The cost of cyber crime to British business came in at £1bn last year but the true price could be even higher, experts have warned.
The number of online fraud crimes jumped nearly a quarter for the year to March, with 37,070 reported to the City of London's national Action Fraud reporting centre, which is the central point for reporting this kind of crime in Britain.
Each police force in the country recorded a £19m loss to businesses in their area, on average.
Mandate fraud – when a criminal manages to get a victim to change regular payments such as direct debits or standing orders so the money goes to them – experienced the biggest jump of 66 per cent.
Other methods on the rise include duping a victim into transferring money to a senior executive and extortion via ransomware. A separate report last week identified that businesses are stockpiling digital currencies to pay off such ransoms.
Fraud by company employees was also common, highlighting the risk internally as well as externally, according to the figures from Action Fraud and Get Safe Online, the campaign organisation between the National Crime Agency, Ofcom, government agencies and private companies.

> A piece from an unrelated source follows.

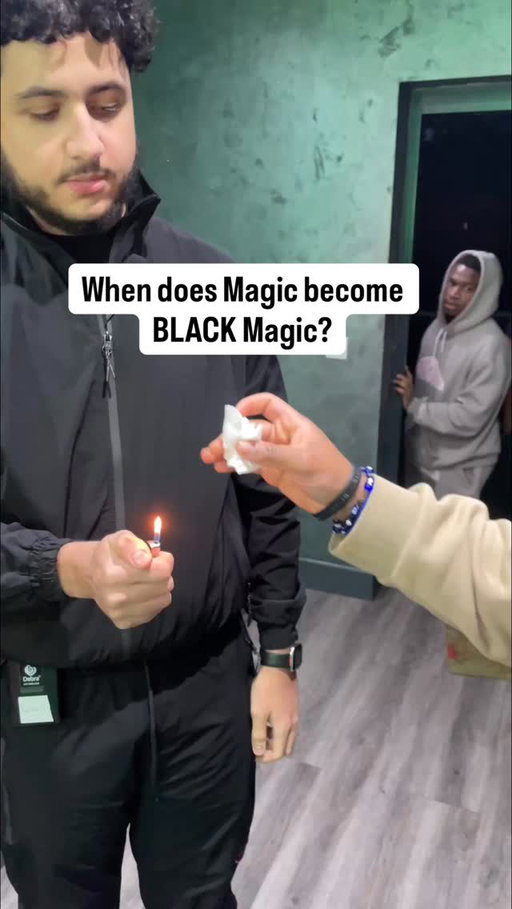 @krimoemp4 got an answer for this 😭

#magic #magictrick #blackmagic #krimoe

Hacking was the most widely reported crime with more than 1,000 cases in the past year, while incidents of cheque, card and online banking fraud fell by 21 per cent.
“Businesses are a major target for fraudsters and these figures illustrate the significant rise in Action Fraud reports," said City of London Police commander Chris Greany.
“The true figure will be much higher and businesses need to take steps as many of these crimes could be prevented," he warned.
Chief executive of Get Safe Online Tony Neate, said: "To tackle this issue head on, businesses need to review their own skills and knowledge, determine if they need outside help, and then create measures to prevent, detect and respond to potential security threats. It’s all about education, and staff must be aware of this plan and trained where necessary."
The Metropolitan Police covering crime in London received the highest number of online fraud reports of any force in the UK – 5,742 – and also reported the highest costs involved – £240m.